Ketika hal-hal baru dilakukan oleh generasi selanjutnya, mereka menyuguhkan makanan untuk orang yang berkumpul, sahabat yang agung, Jarir bin Abdullah al-Bajali berkata, "Kami - yaitu para sahabat - menganggap berkumpul di rumah keluarga yang baru ditinggal wafat salah seorang anggota keluarganya dan menyajikan makanan setelah pemakaman termasuk perbuatan meratap". Diriwayatkan oleh al-Imam Ahmad dengan sanad hasan. Sedangkan menyuguhkan makanan oleh tetangga dan kerabatnya untuk keluarga mayit adalah sunah berdasarkan hadits yang diriwayatkan oleh Abu Dawud dari Abdullah bin Ja`far. Dia berkata, "Ketika berita terbunuhnya Ja`far radhiyallahu 'anhu sampai, Rasulullah shallallahu 'alaihi wa sallam bersabda, "Buatlah untuk keluarga Ja`far makanan, karena musibah yang menyibukkan mereka telah menimpa". Diriwayatkan oleh al-Imam Ahmad, at-Tirmidzi dan Ibnu Majah. At-Tirmidzi menyatakan hadits ini sebagai hadits hasan.

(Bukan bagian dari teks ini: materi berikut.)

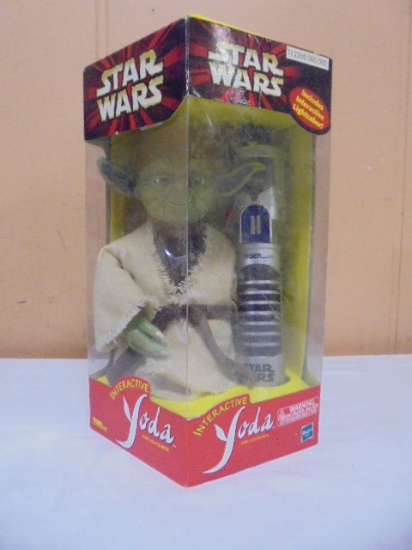 Tiger Electronics Habro Interative Yoda & Lightsaber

Menyuguhkan makanan yang disyariatkan itu adalah untuk keluarga mayit di rumahnya, bukan untuk orang yang berkumpul di tenda yang sengaja didirikan karena tujuannya adalah untuk membantu keluarga yang terkena musibah yang tertimpa musibah yang biasanya tidak sempat membuat makanan.
Wabillahittaufiq, wa Shallallahu `ala Nabiyyina Muhammad wa Alihi wa Shahbihi wa Sallam.

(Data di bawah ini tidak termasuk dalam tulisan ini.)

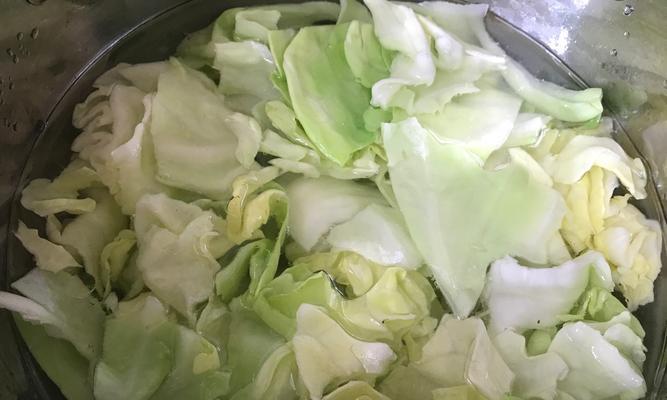 油激包菜怎么做？步骤和技巧有哪些？  第1张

Al-Lajnah ad-Daimah Lilbuhuts al-Ilmiyyah wa al-Ifta'
Ketua: Abdul Aziz bin Abdullah bin Baz
Anggota: Bakr Abu Zaid, Abdul Aziz Alu asy-Syaikh, Shalih al-Fawzan, Abdullah bin Ghudayyan
Sumber: http://bit.ly/Al-Ukhuwwah
(Nomor bagian 13; Halaman 379)
Tidak ada Batasan Hari untuk Bertakziah
Pertanyaan: Adakah waktu tertentu untuk melakukan takziah?

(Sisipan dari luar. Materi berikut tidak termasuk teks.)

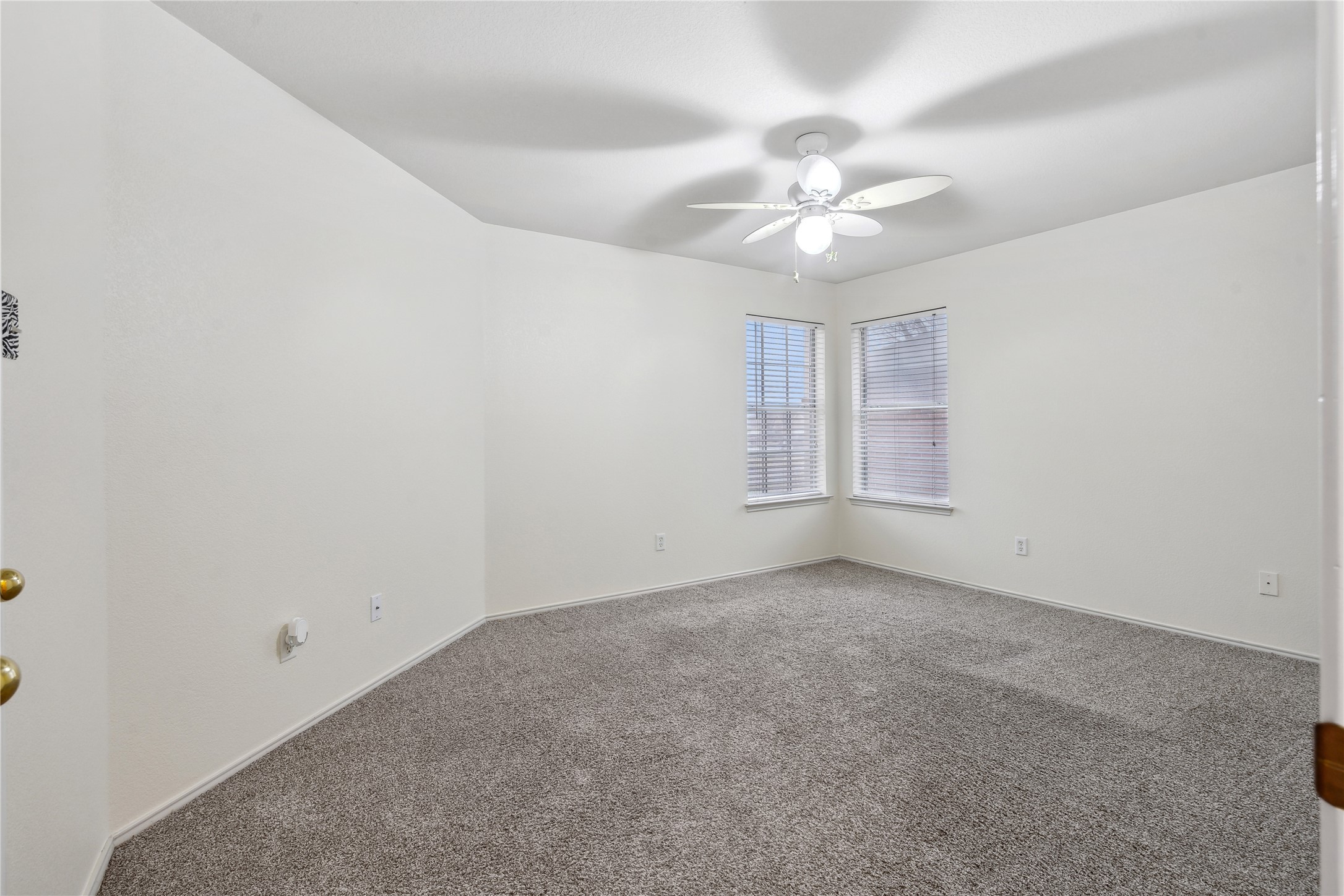 935 Aaron Drive Burleson TX 76028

Jawaban: Sepengetahuan saya, tidak ada waktu tertentu untuk melakukan takziah.
Pertanyaan: Apakah ada batasan hari untuk takziah karena ada yang mengatakan bahwa takziah hanya selama tiga hari. Saya mohon penjelasannya. Semoga Allah membalas Anda dengan kebaikan.
Jawaban: Takziah tidak dibatasi dengan hari tertentu. Sebaliknya, ia disyariatkan sejak keluarnya ruh (nyawa) sebelum dan setelah mayit disalatkan. Dalam syariat tidak ada batasan waktu tertentu untuk takziah, baik di malam hari maupun siang hari; baik dilakukan di rumah, di jalan, di masjid, di kuburan maupun di tempat lain. Wallahu Waliyyut Taufiq.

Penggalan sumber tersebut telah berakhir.